After 15 minutes two more boats joined us with another four adult bottlenose dolphins bow-riding to join the group. The behaviour changed, with peduncle and tail dives, and more scattered distribution suggesting that they had started foraging at the edge of the reef. A fantastic opportunity for the tourists and our research team to observe these wild animals with the sub-adult giving us a couple of playful leaps and tail slaps on the water's surface to a soundtrack of rythmic gentle blows as they exhaled at the surface.

As the dolphin group reformed to set off travelling again, Dolphin Dhow moored up the boat to give us the opportunity to cool off and enjoy the underwater world. After two and half years working here, today was one of the best snorkelling trips, with exceptionally good visibility and an astonishing diversity of reef fish, of all shapes, colours and sizes...

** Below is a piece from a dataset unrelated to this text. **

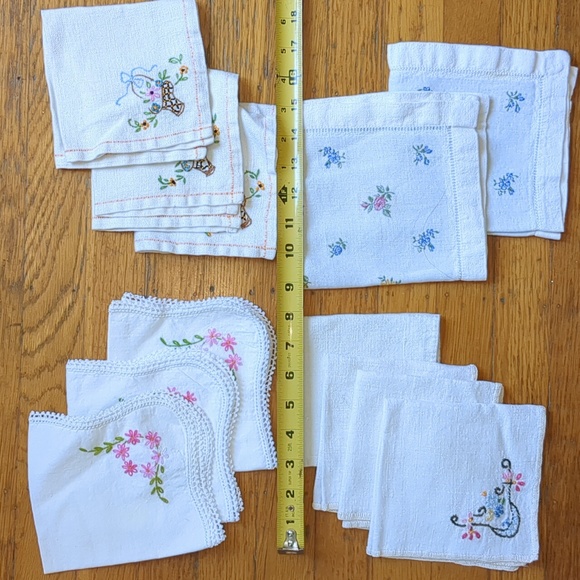 Lot of vintage linen embroidered napkins - Picture 6 of 6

Then it got better... we were unexpectedly joined by four of the dolphins, swiming around and beneath us. One of the most valuable regulations in the code of conduct was to prohibit explicit swimming with dolphins. There is an anthropomorphic view that dolphins are 'friendly' and enjoy human company, and we all too easily forget that we are in the company of wild animals. Pursuing wild dolphins to get close enough to drop people in amongst them has to impact on their natural behaviour and is believed to cause stress or interfere with key behaviours such as foraging. It is comparable to driving off-road in a terrestrial park to get close to lions - something that few responsible tourists would tolerate these days.
However when the dolphins voluntarily to come to you, it is an exceptionally rewarding experience. For 5 mintues we had clear views of these beautiful, and surprisingly large, wild animals, swimming with easy grace and precision. The sound of their echolocation clicks reverberating through the water and seemingly through your body as they approached head-on was astonishing. However, it is an innate desire to observe and understand behaviour in animals that keeps me endlessly enthralled by the natural world and makes every day in the field a new experience. So to be in the water looking down on the sub-adult as it rolled on to its back for two adults to rub along its belly, was an unparraleled privilege.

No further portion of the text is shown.